Forex: Where we are and Where We’re Heading
2018 has been a big year for the forex market, but there’s a whole lot more to come in 2019
We’re only three quarters of the way through 2018, but already it has been a year of enormous change. New regulations, increased use of technology and a flood of new people into the market have already had an enormous impact on the sector. But already the signs are that 2019 is likely to bring even more upheaval.
A year of regulation
One of the biggest concerns for the financial sector this year has been the arrival of new regulations. The year began with the implementation of MiFiDII which requires all companies to keep a complete record of communications with clients be that over the phone or by email. PRIIPS, meanwhile, requires companies to do more to ensure retail customers had a full understanding of the products they were trading.
Perhaps the biggest and most high profile, though, was GDPR which has had an impact on just about every kind of business. GDPR introduces a host of new measures which govern how organisations use customer data, our rights over the data companies hold on us, and what data can be transferred between different countries.
For example, data cannot be transferred from the EU to another country unless it meets certain standards of security. This will be a big question during the Brexit negotiations as the Government seeks to ensure the UK will still be able to move data in and out of the EU.
For forex traders this is significant, because it often involves storing large quantities of sensitive data on platforms – often with little awareness about where they are based or how secure their processes are. Becoming and remaining GDPR compliant will be a major undertaking.
2018 has also been a year of political and economic uncertainties, with the ongoing saga of Brexit, questions about the fortunes of the oil price, possible trade wars between Donald Trump and just about everybody.
One offshoot of this has been to make forex more attractive.
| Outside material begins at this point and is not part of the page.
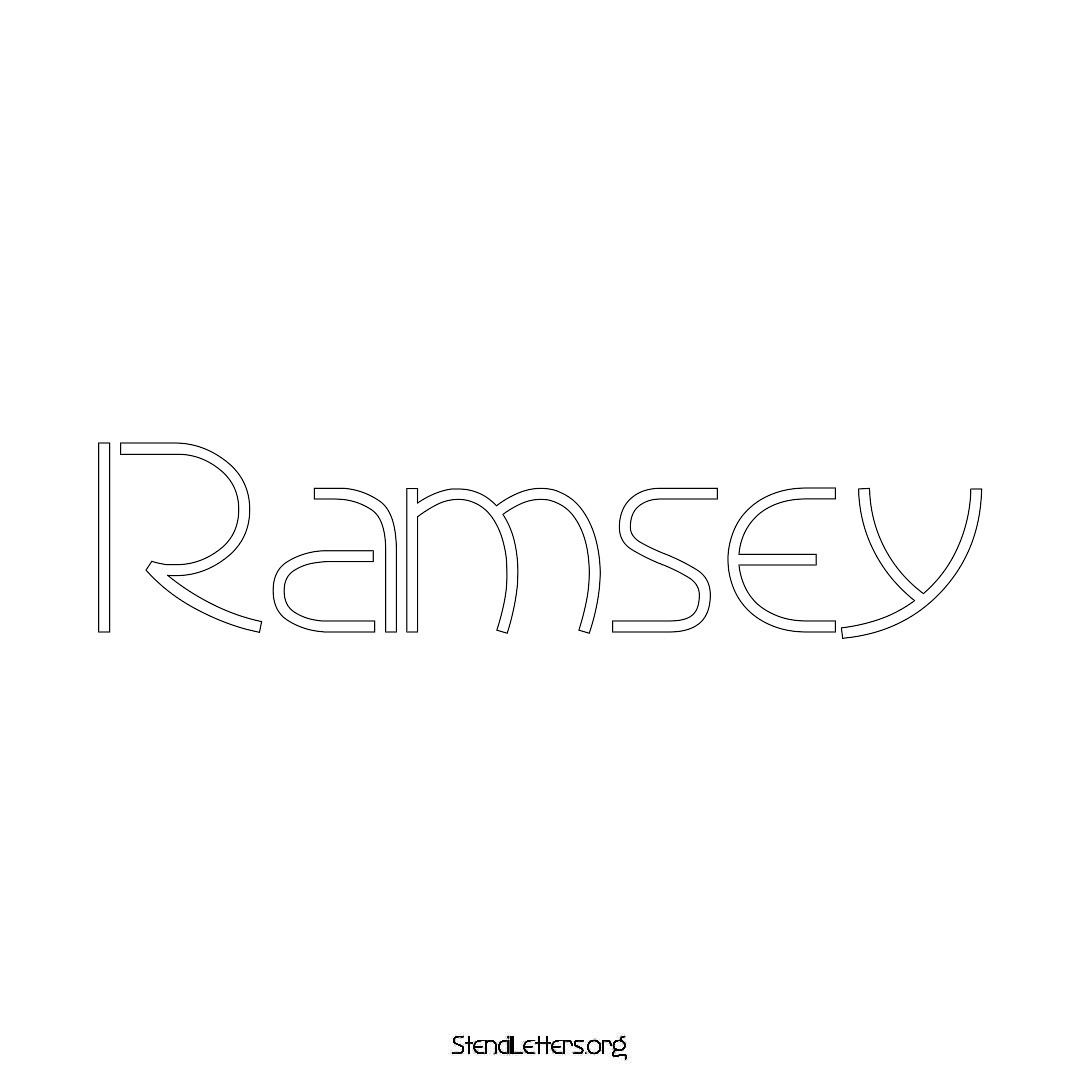 Ramsey name stencil in Simple Elegant Lettering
Volatility between the currencies is increasing and while that does increase risk it also creates the opportunity for greater gains. Every announcement from Trump, every new piece of news about Brexit or fresh turmoil in the Eurozone sparks big shifts in the market and if you think you know what those announcements are likely to be you stand to do well.
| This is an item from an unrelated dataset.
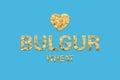 Traditional Eastern Bulgur Wheat texture text with heart shape on blue background.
Technology is in the process of revolutionising the financial sector. This year, much of the talk has been about artificial intelligence and big data. Forecasts by IDC suggest the amount of data we use could grow ten-fold by 2025. The artificial intelligent market, meanwhile, is surging. A study from Statistica shows the AI market growing by around 150% between 2016 and up to 2025.
Investment firms are embracing automation and AI to improve every aspect of their business from the back-office administration to trading performance and much more, but it’s the ways in which technology is opening up finance to the public where the real changes are happening. The last few years have witnessed a surge in the number of online trading platforms. These make it easy to open an account and trade all sorts of financial instruments through either your desktop, tablet or smartphone. By embracing smart technology, they are also making it easier for people to trade effectively even if they have no experience. Companies such as ROFX use sophisticated AI technology to deliver an automated trading robot.
The technology has been refined over a number of years to the point where it is offers positive dynamics – namely that the number of positive trades should always exceed the number of negatives. This makes trading decisions on your behalf, and although success can never be guaranteed, its developers are convinced it can deliver reliable income streams over a period of time.
2019 and beyond
Moving into the future, the technology has even more potential. We have only scratched the surface of what AI can achieve. The financial sector is continually learning to capture and harness increasing levels of data. Systems are becoming more advance and the rate of development is accelerating.
Regulation will continue to evolve to keep pace with the changing nature of the financial landscape. New technologies deliver fresh capabilities which also create new risks and challenges. Regulations will have an impact on financial companies and their customers, but they have a track record of being able to adapt and continue to thrive. The future, in other words, is looking very bright indeed.